Question

A year ago, the father was 8 times as old as his son. Now, his age is the square of his son's age. Find their present ages.

Answer 1

Step 1:

Form a quadratic equation:

Let the present age of the son be $x$.

Let the present age of father be $y$.

One year ago,

$\begin{array}{rcl}y-1& =& 8\left(x-1\right)\\ & \Rightarrow & y-1=8x-8\\ & \Rightarrow & y=8x-8+1\\ & \Rightarrow & y=8x-7\end{array}$

Now by given condition,

$\begin{array}{rcl}y& =& x^2\\ & & \end{array}$

$\begin{array}{rcl}So,\left(8x-7\right)& =& x^2\\ & \Rightarrow & x^2-8x+7=0\end{array}$

Step 2:

Solve the quadratic equation:

Use factorization method to solve the equation.

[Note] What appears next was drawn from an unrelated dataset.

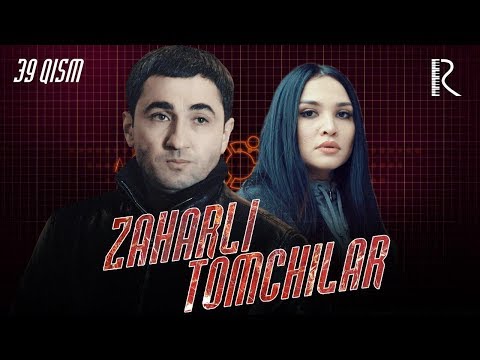 Zaharli tomchilar (o'zbek serial) | Захарли томчилар (узбек сериал) 39-qism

$\begin{array}{rcl}& \Rightarrow & x^2-1x-7x+7=0\\ & \Rightarrow & x\left(x-1\right)-7\left(x-1\right)=0\\ & \Rightarrow & \left(x-7\right)\left(x-1\right)=0\\ & \Rightarrow & x-7=0orx-1=0\\ & \Rightarrow & x=7orx=1\end{array}$

When $x=1$, the age of son is equal to the age of father, which is impossible, reject $x=1$

Take the value $x=7$

So, present age of son is $7\mathrm{years}$

And present age of father is $8\times 7-7=49\mathrm{years}$

Final answer:

Hence, the present age of son is $7\mathrm{years}$.

The present age of father is $49\mathrm{years}$.